Return the data below exactly, minus the pictures.

**DATASET EXCERPT:**
[Start of Attachment]

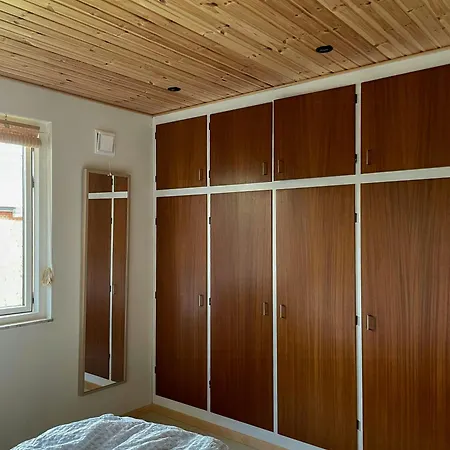 Retro 70s House With Views In Feriehus
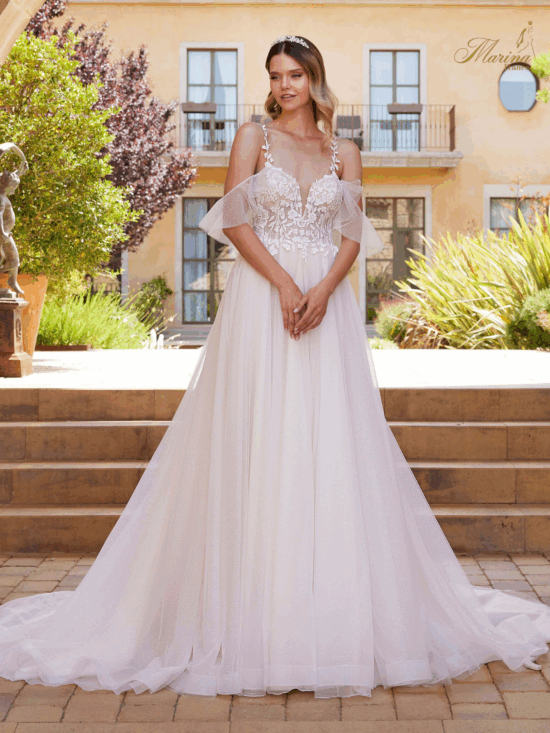 ROBE PRINCESSE AVEC COL BATEAU ET TULLE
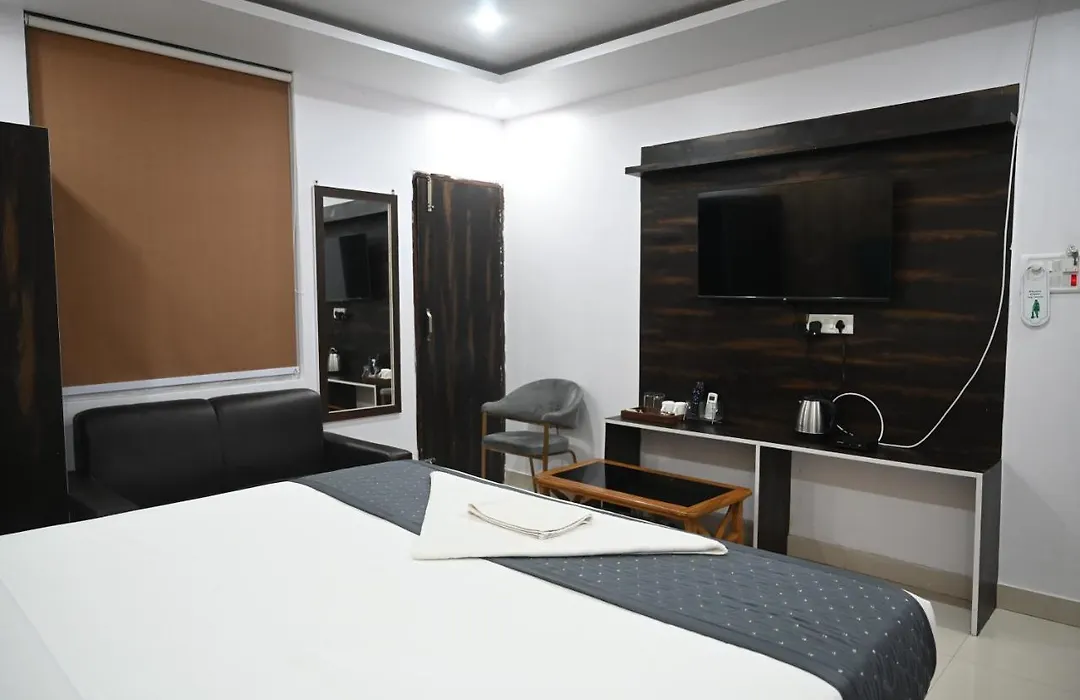Hotel Diamant Inn-1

[End of Attachment]

**WRITTEN ANSWER:**
 Retro 70s House With Views In Feriehus
 ROBE PRINCESSE AVEC COL BATEAU ET TULLE
Hotel Diamant Inn-1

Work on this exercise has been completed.